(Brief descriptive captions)

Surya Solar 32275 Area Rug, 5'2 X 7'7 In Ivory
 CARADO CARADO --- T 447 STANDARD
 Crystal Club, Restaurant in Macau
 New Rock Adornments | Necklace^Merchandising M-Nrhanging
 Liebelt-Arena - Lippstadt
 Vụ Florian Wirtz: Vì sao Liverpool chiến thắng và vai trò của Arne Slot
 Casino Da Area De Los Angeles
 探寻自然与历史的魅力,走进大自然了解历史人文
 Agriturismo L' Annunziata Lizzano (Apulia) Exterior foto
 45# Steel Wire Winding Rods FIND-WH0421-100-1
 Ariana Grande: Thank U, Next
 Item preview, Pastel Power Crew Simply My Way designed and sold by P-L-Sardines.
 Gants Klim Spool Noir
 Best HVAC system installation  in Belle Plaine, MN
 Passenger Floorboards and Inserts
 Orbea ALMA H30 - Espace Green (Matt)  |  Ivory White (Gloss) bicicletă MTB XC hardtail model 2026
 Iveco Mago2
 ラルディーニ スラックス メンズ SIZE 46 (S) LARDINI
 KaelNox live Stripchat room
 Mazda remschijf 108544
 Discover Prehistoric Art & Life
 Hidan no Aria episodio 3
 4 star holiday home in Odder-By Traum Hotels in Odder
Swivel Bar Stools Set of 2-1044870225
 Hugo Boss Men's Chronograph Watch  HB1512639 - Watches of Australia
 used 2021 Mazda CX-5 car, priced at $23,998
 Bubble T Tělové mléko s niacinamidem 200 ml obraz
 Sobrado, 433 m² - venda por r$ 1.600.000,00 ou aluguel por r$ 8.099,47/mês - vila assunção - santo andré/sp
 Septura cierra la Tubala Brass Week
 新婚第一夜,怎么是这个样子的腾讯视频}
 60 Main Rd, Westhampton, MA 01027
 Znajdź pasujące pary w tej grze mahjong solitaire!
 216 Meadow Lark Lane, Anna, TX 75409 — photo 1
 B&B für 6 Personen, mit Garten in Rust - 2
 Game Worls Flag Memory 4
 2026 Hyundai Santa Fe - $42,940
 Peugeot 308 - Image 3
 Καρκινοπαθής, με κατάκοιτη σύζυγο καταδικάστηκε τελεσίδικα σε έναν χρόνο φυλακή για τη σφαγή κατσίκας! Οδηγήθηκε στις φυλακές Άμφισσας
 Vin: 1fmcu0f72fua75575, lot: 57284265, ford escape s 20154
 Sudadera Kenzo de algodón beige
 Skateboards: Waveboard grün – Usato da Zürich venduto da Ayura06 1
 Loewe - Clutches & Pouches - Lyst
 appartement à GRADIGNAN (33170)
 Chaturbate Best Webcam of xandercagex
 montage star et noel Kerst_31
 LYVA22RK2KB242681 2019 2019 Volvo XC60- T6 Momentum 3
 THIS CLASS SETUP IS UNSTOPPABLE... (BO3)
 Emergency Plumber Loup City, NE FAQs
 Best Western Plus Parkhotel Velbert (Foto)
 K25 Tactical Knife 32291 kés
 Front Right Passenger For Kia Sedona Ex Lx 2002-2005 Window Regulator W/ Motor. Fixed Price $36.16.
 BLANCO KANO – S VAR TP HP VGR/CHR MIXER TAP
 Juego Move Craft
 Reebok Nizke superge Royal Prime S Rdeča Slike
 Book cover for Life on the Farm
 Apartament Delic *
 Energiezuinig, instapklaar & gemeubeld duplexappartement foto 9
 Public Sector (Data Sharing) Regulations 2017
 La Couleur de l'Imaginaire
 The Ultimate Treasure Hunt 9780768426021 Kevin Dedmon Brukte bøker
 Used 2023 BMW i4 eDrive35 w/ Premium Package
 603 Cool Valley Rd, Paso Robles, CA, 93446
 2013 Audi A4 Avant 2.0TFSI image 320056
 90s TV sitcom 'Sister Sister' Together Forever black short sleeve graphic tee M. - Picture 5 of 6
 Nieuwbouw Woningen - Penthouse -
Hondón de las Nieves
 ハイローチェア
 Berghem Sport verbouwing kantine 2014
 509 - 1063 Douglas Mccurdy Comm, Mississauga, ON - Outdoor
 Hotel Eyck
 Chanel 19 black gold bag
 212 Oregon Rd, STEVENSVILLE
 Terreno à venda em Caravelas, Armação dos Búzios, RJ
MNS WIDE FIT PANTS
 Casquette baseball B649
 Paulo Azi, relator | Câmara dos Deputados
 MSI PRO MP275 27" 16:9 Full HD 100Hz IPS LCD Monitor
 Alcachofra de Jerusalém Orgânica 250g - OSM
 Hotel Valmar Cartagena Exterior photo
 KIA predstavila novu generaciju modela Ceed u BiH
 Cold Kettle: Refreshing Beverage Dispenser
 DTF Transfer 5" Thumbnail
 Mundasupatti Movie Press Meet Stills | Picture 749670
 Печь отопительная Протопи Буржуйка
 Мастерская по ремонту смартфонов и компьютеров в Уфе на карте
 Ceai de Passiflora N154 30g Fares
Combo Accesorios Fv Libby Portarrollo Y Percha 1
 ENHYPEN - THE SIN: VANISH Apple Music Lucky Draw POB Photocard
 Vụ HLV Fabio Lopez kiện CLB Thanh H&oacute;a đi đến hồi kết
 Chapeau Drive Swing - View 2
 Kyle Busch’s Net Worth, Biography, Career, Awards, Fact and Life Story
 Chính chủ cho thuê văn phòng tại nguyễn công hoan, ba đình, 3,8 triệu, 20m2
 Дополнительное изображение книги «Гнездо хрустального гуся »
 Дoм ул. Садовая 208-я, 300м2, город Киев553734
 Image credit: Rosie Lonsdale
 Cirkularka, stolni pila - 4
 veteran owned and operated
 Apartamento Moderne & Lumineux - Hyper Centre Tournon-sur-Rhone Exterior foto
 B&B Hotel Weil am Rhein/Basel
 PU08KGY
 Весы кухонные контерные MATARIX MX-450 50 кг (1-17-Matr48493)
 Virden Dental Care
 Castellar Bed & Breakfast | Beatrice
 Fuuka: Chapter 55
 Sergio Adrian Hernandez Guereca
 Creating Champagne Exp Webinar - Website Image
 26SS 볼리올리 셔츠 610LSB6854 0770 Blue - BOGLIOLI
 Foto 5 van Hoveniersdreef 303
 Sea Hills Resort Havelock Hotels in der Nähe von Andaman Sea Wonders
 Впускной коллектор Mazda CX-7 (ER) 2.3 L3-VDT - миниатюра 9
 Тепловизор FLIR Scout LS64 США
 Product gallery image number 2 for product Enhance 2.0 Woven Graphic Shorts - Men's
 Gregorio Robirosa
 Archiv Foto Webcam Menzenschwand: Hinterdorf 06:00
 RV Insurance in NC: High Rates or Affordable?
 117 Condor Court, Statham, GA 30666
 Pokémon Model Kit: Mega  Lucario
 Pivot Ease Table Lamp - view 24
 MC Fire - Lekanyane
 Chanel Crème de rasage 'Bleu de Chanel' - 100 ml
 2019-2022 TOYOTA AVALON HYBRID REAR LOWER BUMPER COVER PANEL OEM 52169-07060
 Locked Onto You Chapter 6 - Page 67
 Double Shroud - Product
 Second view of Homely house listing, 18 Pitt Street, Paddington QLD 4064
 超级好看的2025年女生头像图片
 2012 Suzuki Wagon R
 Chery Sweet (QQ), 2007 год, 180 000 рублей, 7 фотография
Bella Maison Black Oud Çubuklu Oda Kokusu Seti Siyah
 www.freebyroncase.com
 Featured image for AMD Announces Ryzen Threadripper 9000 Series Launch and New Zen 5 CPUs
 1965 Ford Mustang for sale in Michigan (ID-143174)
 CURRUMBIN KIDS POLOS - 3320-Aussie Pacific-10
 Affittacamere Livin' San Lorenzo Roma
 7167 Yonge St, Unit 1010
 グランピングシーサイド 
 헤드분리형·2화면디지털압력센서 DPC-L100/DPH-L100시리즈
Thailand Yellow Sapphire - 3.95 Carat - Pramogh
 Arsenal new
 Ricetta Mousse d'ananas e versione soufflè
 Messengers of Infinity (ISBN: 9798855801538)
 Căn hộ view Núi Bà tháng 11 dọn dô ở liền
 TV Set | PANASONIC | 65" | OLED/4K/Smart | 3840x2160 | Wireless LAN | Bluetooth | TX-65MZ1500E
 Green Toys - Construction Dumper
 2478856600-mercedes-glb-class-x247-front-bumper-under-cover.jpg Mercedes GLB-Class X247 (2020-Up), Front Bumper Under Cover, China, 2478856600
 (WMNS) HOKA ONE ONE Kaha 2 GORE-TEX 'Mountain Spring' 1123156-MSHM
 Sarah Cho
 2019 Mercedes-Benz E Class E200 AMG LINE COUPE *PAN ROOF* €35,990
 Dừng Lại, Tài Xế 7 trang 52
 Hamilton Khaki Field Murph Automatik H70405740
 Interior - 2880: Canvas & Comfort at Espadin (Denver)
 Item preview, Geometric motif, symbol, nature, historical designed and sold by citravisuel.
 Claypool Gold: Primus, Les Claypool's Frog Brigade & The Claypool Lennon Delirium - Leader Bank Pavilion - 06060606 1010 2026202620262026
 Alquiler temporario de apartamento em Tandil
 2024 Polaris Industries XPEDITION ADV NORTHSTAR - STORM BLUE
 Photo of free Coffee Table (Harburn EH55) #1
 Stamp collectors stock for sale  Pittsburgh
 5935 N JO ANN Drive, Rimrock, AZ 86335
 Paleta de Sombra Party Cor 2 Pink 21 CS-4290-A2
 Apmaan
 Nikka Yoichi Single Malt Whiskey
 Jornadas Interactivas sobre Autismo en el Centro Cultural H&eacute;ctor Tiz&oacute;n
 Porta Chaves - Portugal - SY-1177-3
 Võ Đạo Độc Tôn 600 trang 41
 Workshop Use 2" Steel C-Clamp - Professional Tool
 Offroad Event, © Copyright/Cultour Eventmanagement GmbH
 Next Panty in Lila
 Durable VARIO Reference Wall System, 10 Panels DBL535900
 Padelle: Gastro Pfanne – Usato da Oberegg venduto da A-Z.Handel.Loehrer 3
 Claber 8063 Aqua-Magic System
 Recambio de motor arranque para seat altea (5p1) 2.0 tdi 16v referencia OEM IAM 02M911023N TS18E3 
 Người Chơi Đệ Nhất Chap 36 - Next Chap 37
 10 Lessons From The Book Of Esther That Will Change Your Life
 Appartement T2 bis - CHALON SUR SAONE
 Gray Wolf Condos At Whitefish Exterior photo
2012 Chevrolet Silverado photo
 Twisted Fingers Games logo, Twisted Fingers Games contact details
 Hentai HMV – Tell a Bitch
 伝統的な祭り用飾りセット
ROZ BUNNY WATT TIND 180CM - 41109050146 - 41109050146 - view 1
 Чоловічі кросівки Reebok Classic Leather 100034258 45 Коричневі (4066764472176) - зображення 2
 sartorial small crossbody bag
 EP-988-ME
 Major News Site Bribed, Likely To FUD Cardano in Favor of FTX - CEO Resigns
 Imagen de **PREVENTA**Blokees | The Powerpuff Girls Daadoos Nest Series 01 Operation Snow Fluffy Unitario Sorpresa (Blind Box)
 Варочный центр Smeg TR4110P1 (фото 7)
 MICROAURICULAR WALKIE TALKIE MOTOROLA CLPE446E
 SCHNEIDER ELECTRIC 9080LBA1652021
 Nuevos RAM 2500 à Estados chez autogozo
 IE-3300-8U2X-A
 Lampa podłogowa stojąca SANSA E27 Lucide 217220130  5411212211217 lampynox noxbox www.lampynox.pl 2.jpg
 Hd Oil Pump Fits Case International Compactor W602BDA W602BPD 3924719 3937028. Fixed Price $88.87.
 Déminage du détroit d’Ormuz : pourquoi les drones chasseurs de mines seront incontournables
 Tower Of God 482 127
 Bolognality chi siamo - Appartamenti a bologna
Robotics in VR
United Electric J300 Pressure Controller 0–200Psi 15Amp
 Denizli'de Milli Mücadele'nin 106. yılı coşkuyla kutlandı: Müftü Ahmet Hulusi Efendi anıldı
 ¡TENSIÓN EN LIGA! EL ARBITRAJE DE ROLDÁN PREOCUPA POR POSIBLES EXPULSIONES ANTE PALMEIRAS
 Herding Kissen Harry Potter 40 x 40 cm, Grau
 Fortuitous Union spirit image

* **Assignment**: An exact copy of the lines above, from the one containing "Sudadera Kenzo de algodón beige" through the one containing "La Couleur de l'Imaginaire", is the whole of the answer.

* **Response**:
 Sudadera Kenzo de algodón beige
 Skateboards: Waveboard grün – Usato da Zürich venduto da Ayura06 1
 Loewe - Clutches & Pouches - Lyst
 appartement à GRADIGNAN (33170)
 Chaturbate Best Webcam of xandercagex
 montage star et noel Kerst_31
 LYVA22RK2KB242681 2019 2019 Volvo XC60- T6 Momentum 3
 THIS CLASS SETUP IS UNSTOPPABLE... (BO3)
 Emergency Plumber Loup City, NE FAQs
 Best Western Plus Parkhotel Velbert (Foto)
 K25 Tactical Knife 32291 kés
 Front Right Passenger For Kia Sedona Ex Lx 2002-2005 Window Regulator W/ Motor. Fixed Price $36.16.
 BLANCO KANO – S VAR TP HP VGR/CHR MIXER TAP
 Juego Move Craft
 Reebok Nizke superge Royal Prime S Rdeča Slike
 Book cover for Life on the Farm
 Apartament Delic *
 Energiezuinig, instapklaar & gemeubeld duplexappartement foto 9
 Public Sector (Data Sharing) Regulations 2017
 La Couleur de l'Imaginaire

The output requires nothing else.